Wer den Namen Fernando Honorato hört, denkt vermutlich zuerst an Principe Valiente – jene schwedische Band, die sich mit dramatischem Darkwave und shoegazigem Pathos einen festen Platz in der melancholischen Musiklandschaft erspielt hat. Doch jetzt betritt Honorato unter dem Namen 'Fernando's Eyes' eigenes Terrain und präsentiert mit „A Million Times“ eine erste Solo-Single, die tief in die Abgründe der menschlichen Psyche blickt – und dabei mit einer faszinierenden Mischung aus Zerbrechlichkeit und cineastischer Wucht punktet.
Veröffentlicht über Aaenaos Records, ist „A Million Times“ eine musikalische Reflexion über innere Kämpfe, Selbstzweifel, Ängste und das scheinbar endlose Wiederholen persönlicher Dramen. Statt einfacher Antworten liefert Honorato ein Klangbild, das zwischen zarten Synthieflächen, entschleunigtem Beat und sphärischem Gesang changiert. Man spürt in jeder Note, dass hier jemand nicht einfach Musik macht, sondern ein emotionales Tagebuch vertont – eines, das mal flüstert, mal klagt, mal trotzig aufbegehrt. Die Nähe zum Soundtrack eines 80er-Jahre-Films ist dabei kein Zufall: Honorato selbst beschreibt die Atmosphäre als stark beeinflusst von Blade Runner, und das dazugehörige Musikvideo unterstreicht genau das – mit Neonlichtern, futuristischen Schatten und einer unterschwelligen Melancholie, die an Retro-Sci-Fi erinnert.

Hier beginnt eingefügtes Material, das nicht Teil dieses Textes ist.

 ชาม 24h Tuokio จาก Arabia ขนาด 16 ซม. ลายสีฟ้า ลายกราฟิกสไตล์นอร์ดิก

Doch was dieses Projekt so spannend macht, ist nicht nur der Sound, sondern auch der künstlerische Mut dahinter. „Ich bin ziemlich aufgeregt über dieses neue Kapitel meiner künstlerischen Reise und darüber, mit neuen Arten des Songwritings zu experimentieren“, sagt Honorato. Und genau das hört man auch. Fernando's Eyes ist kein Abklatsch des bekannten Sounds von Principe Valiente, sondern eine Weiterentwicklung – intimer, persönlicher, experimenteller. Die Fragilität wird zum Stilmittel, das Zittern zur Stärke. „A Million Times“ ist damit mehr als nur ein erster Schritt – es ist ein atmosphärischer Auftakt für ein Projekt, das tief geht, ohne pathetisch zu sein, das mit Gefühl arbeitet, ohne kitschig zu werden, und das einem zeigt, wie schön es sein kann, wenn man sich im Nebel der eigenen Emotionen kurz verliert.